> _Work to be completed_
Please restate each entry word for word.
(Records shown)
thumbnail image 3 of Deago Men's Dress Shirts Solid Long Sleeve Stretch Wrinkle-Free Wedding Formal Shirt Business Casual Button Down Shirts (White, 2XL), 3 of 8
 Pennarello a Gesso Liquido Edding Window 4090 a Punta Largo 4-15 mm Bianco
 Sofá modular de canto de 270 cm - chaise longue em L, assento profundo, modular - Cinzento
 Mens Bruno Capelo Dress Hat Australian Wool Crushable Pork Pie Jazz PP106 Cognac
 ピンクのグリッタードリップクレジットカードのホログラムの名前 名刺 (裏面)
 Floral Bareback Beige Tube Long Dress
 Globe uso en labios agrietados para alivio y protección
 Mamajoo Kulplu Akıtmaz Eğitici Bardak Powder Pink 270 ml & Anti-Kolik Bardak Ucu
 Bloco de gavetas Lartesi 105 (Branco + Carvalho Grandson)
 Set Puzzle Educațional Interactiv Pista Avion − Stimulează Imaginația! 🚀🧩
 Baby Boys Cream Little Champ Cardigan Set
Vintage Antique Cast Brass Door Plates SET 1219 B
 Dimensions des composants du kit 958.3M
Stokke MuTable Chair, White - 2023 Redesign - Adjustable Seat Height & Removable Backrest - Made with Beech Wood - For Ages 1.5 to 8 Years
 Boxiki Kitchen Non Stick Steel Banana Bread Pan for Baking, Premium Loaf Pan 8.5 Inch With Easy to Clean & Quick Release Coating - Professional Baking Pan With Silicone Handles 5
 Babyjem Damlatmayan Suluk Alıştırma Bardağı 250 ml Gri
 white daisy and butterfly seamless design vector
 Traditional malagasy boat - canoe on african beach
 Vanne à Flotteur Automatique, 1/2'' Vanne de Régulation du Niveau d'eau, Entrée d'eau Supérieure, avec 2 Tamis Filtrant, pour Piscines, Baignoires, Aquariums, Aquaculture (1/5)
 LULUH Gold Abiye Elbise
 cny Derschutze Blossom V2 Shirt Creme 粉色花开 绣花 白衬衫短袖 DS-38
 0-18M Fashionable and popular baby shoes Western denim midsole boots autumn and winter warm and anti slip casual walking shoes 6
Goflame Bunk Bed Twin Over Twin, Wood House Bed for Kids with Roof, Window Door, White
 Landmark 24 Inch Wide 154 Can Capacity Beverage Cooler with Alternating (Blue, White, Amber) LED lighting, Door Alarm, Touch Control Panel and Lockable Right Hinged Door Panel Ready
(End Records shown)
> _Worked solution_
thumbnail image 3 of Deago Men's Dress Shirts Solid Long Sleeve Stretch Wrinkle-Free Wedding Formal Shirt Business Casual Button Down Shirts (White, 2XL), 3 of 8
 Pennarello a Gesso Liquido Edding Window 4090 a Punta Largo 4-15 mm Bianco
 Sofá modular de canto de 270 cm - chaise longue em L, assento profundo, modular - Cinzento
 Mens Bruno Capelo Dress Hat Australian Wool Crushable Pork Pie Jazz PP106 Cognac
 ピンクのグリッタードリップクレジットカードのホログラムの名前 名刺 (裏面)
 Floral Bareback Beige Tube Long Dress
 Globe uso en labios agrietados para alivio y protección
 Mamajoo Kulplu Akıtmaz Eğitici Bardak Powder Pink 270 ml & Anti-Kolik Bardak Ucu
 Bloco de gavetas Lartesi 105 (Branco + Carvalho Grandson)
 Set Puzzle Educațional Interactiv Pista Avion − Stimulează Imaginația! 🚀🧩
 Baby Boys Cream Little Champ Cardigan Set
Vintage Antique Cast Brass Door Plates SET 1219 B
 Dimensions des composants du kit 958.3M
Stokke MuTable Chair, White - 2023 Redesign - Adjustable Seat Height & Removable Backrest - Made with Beech Wood - For Ages 1.5 to 8 Years
 Boxiki Kitchen Non Stick Steel Banana Bread Pan for Baking, Premium Loaf Pan 8.5 Inch With Easy to Clean & Quick Release Coating - Professional Baking Pan With Silicone Handles 5
 Babyjem Damlatmayan Suluk Alıştırma Bardağı 250 ml Gri
 white daisy and butterfly seamless design vector
 Traditional malagasy boat - canoe on african beach
 Vanne à Flotteur Automatique, 1/2'' Vanne de Régulation du Niveau d'eau, Entrée d'eau Supérieure, avec 2 Tamis Filtrant, pour Piscines, Baignoires, Aquariums, Aquaculture (1/5)
 LULUH Gold Abiye Elbise
 cny Derschutze Blossom V2 Shirt Creme 粉色花开 绣花 白衬衫短袖 DS-38
 0-18M Fashionable and popular baby shoes Western denim midsole boots autumn and winter warm and anti slip casual walking shoes 6
Goflame Bunk Bed Twin Over Twin, Wood House Bed for Kids with Roof, Window Door, White
 Landmark 24 Inch Wide 154 Can Capacity Beverage Cooler with Alternating (Blue, White, Amber) LED lighting, Door Alarm, Touch Control Panel and Lockable Right Hinged Door Panel Ready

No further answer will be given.